Analytical Engine Overview

Overview

Sisense's modeling framework is a set of modeling languages and algorithms for BI analysis. Sisense's Analytical Engine is an algorithm that enables you to generate your query in the SQL dialect of the specific data-source with low-no code. The query is generated according to the widget elements (for example, measures and filters) and the user's data security role.

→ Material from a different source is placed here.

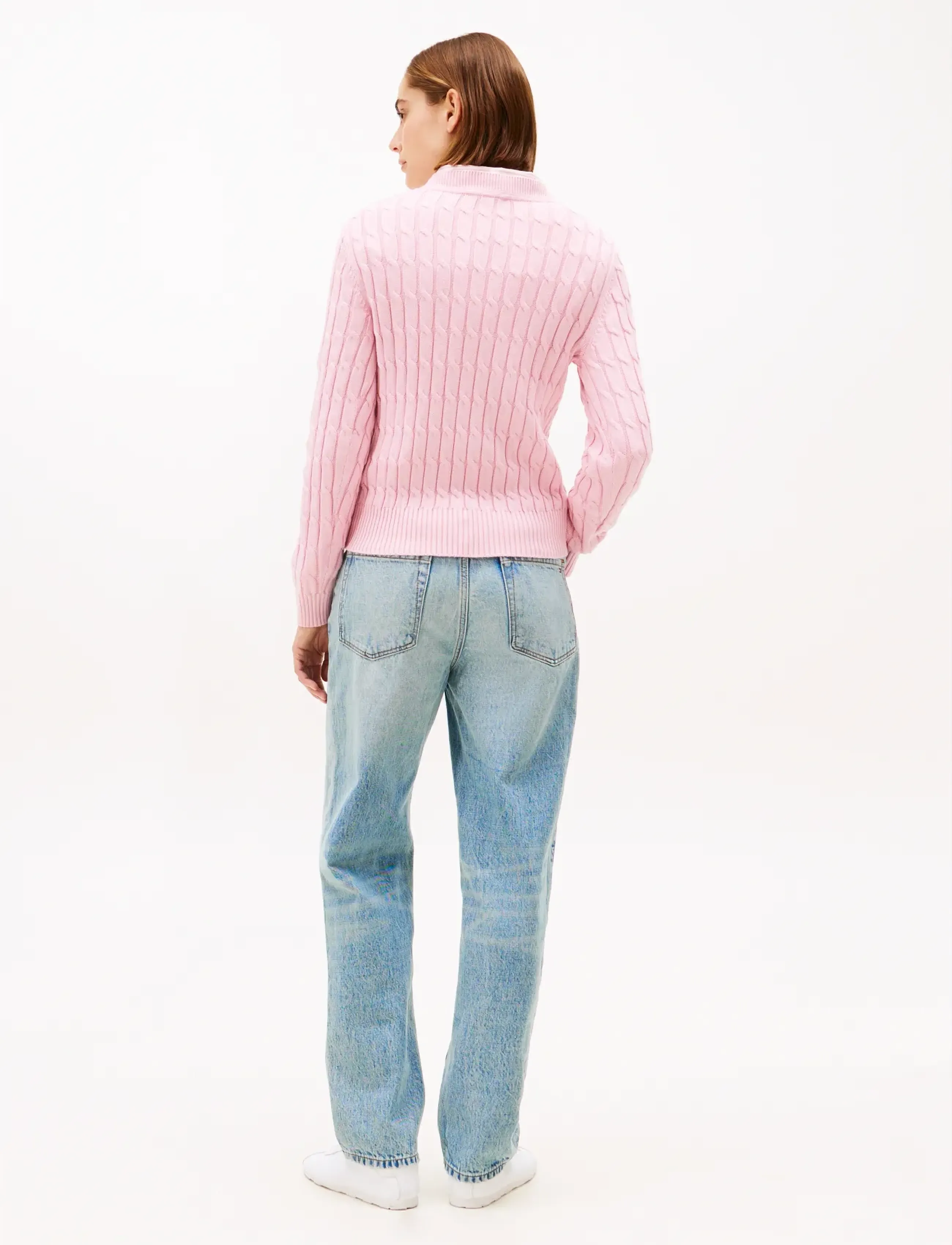 Tommy Hilfiger - CO CABLE MID GG C-NK LS SWT - jumpers - bonita pink - 3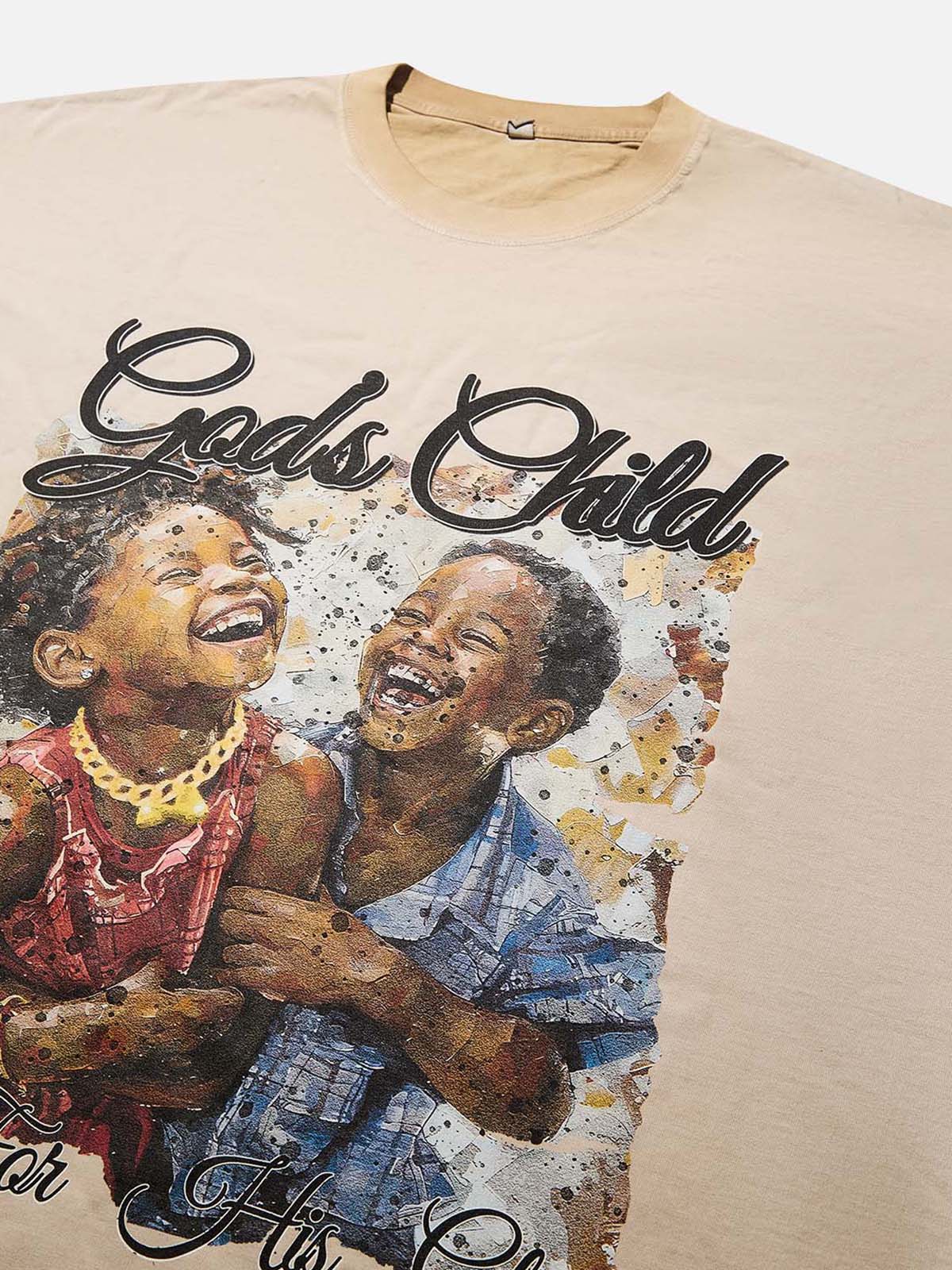 GOD'S CHILD Brown Gradient Print T-shirt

It then executes the SQL query on the data source.

Analytical Engine is based on the Dimensional Modeling methodology, which is a logical design technique that presents the data in a standard, intuitive framework that allows high query execution performance at scale.

Note:

Analytical Engine only works in Linux environments.


In addition to supporting ElastiCube connectors, Analytical Engine also supports live providers. For the list of live data sources supported by Analytical Engine see Live Data Source Connectors in Data Source Connectors.

Analytical Engine:

  • Enables customers to perform real-time analytics, directly over the data provider (Live).
  • Leverages the provider's syntax via the open source Apache Calcite (https://calcite.apache.org/).
  • Improves the performance and comprehensibility of the SQL queries.
  • Defines the query in a very structured way, for improved readability and comprehensibility.
  • Validates the query components on widget load and provides actionable error messages when necessary.
  • Returns a null value if the query is invalid (due to filters or measures).
  • Queries table values (not keys), for better null handling and advanced calculations.
  • Exposes the generated SQL query to the dashboard designer, while respecting data security rules.
  • Calculates top ranking filters per widget context, simplifying the implementation of the top ranking functionality for dashboard designers.

Analytical Engine's Extended Query Capabilities

Null Handling

By default, Null values are now displayed, and can be filtered out by the user. Null can also be used as a key. Analytical Engine joins dimension tables when selecting entries for top ranking filters, meaning that null can be a top ranking result.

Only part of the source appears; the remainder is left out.